AI workloads are expensive regardless of how they are implemented. Third-party APIs with significant markups. Cloud-prem SaaS companies with hefty management fees. And the total cost of ownership for either renting GPUs from AWS or buying directly.
In the short term, there’s a significant arbitrage with a great DevOps team — namely, how do you scale expensive workloads to zero when they aren’t in use? Or right-size them accordingly as the load increases or decreases? Doing this can flip unprofitable unit economics (or provide more efficiency to the money a startup has raised).
An obvious objection: we already have serverless environments that scale to zero — Google Cloud Run, AWS Lambda, WebAssembly runtimes, and more.
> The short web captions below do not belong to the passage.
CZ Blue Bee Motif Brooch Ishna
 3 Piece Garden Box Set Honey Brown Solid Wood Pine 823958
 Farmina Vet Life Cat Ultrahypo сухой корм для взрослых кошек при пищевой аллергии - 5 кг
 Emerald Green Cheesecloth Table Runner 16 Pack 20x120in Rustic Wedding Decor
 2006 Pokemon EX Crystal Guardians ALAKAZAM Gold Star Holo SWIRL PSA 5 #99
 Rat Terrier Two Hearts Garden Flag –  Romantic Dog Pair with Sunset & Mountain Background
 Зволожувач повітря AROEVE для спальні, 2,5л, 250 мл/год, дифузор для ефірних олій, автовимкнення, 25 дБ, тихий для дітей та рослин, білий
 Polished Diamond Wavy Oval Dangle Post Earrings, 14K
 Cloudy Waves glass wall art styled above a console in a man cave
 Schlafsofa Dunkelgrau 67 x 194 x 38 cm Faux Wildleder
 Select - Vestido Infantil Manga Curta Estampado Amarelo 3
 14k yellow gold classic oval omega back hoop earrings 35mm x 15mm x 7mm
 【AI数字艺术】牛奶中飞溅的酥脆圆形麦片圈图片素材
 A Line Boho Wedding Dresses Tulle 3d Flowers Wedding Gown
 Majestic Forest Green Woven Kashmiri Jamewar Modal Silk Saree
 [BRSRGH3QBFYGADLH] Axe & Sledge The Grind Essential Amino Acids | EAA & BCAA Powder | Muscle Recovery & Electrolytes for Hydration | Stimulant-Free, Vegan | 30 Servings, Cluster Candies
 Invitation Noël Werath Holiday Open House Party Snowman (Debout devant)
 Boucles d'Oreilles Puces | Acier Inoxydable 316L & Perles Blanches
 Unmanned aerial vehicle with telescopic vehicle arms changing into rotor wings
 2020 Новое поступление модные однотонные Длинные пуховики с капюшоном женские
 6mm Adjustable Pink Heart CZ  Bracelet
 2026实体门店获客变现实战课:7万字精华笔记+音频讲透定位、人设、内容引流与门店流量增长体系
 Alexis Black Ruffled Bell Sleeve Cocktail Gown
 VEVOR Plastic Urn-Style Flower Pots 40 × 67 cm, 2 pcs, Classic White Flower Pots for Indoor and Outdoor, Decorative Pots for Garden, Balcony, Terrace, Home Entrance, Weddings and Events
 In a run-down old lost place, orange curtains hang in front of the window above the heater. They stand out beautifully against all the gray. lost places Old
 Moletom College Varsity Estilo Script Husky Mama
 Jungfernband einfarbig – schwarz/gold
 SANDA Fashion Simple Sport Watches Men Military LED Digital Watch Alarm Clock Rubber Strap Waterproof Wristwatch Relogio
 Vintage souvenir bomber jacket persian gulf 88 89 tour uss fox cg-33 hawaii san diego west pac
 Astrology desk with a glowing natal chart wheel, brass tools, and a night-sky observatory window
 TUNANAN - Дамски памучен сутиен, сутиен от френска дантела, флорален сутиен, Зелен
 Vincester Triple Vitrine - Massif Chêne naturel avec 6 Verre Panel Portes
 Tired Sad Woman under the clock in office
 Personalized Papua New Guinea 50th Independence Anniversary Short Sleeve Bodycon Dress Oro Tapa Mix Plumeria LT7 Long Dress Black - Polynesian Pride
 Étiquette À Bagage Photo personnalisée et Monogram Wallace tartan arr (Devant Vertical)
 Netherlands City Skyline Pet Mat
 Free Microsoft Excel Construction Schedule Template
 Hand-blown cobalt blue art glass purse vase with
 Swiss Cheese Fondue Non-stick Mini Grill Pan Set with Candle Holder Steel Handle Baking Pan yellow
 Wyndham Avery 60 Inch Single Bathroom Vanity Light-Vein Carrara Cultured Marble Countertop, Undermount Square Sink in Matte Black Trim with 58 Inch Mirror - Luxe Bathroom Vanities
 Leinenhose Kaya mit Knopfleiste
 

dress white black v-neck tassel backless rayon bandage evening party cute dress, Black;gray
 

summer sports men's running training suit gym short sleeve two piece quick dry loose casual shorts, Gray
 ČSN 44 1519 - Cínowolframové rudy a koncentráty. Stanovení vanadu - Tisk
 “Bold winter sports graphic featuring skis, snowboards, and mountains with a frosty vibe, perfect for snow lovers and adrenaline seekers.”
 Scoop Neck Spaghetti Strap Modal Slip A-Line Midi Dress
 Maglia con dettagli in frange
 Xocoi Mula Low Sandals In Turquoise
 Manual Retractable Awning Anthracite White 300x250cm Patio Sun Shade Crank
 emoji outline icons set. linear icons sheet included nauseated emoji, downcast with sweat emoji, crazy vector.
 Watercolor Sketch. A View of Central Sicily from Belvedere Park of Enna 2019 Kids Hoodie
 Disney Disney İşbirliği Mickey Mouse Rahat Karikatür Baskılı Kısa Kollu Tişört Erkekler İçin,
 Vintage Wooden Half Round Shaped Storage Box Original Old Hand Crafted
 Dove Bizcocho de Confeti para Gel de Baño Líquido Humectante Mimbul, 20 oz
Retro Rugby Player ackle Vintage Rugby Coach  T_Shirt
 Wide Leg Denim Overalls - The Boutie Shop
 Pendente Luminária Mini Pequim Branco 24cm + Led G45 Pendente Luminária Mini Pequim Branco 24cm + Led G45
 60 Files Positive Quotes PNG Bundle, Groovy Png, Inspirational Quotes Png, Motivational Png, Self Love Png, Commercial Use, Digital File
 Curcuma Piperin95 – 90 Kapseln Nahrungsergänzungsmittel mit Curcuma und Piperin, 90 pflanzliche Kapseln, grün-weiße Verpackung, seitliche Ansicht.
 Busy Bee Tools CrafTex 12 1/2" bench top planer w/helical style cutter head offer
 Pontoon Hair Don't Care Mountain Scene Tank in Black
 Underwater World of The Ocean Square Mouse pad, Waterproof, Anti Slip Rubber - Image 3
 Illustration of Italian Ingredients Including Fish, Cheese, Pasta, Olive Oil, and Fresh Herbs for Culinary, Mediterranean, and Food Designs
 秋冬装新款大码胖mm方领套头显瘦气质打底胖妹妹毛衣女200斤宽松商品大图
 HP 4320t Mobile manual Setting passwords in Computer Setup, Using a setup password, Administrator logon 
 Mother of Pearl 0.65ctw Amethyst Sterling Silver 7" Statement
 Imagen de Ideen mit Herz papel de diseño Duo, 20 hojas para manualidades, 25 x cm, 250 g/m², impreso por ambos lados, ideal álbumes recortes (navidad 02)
The problem is that these runtimes are explicitly tuned for generic workloads and aren’t made for specialized hardware (read: GPUs).
There’s two elements to “scale to zero” for GPU-bound workloads.
First, the actual machines. On AWS, this would be autoscaling groups (ASGs). As CPU load increases (or another metric you’re measuring), this will scale up instances (virtual machines). But ASGs on their own are rarely sufficient to scale to zero. You also are probably bin-packing multiple workloads on expensive GPU-powered machines. Maybe running different models at different times or rolling out new versions of models. For this, you probably want to deploy with a different primitive than raw machine images, something like a container. And for that, you need Kubernetes.
The second scale-to-zero mechanism is scaling the actual workload (the pods, deployments, etc.). There’s not really a great way to do this today. Most organizations have built their own hacks. Knative provides the machinery but can be challenging to deploy and manage and comes with its own heavyweight dependencies (like Istio). The high-level workflow is this: queue up the requests and launch a new deployment if an endpoint is unavailable.
Scale-to-zero will probably be necessary for the near term as organizations either need to deploy (1) on-prem models for data security or (2) custom models or infrastructure to serve a particular use case.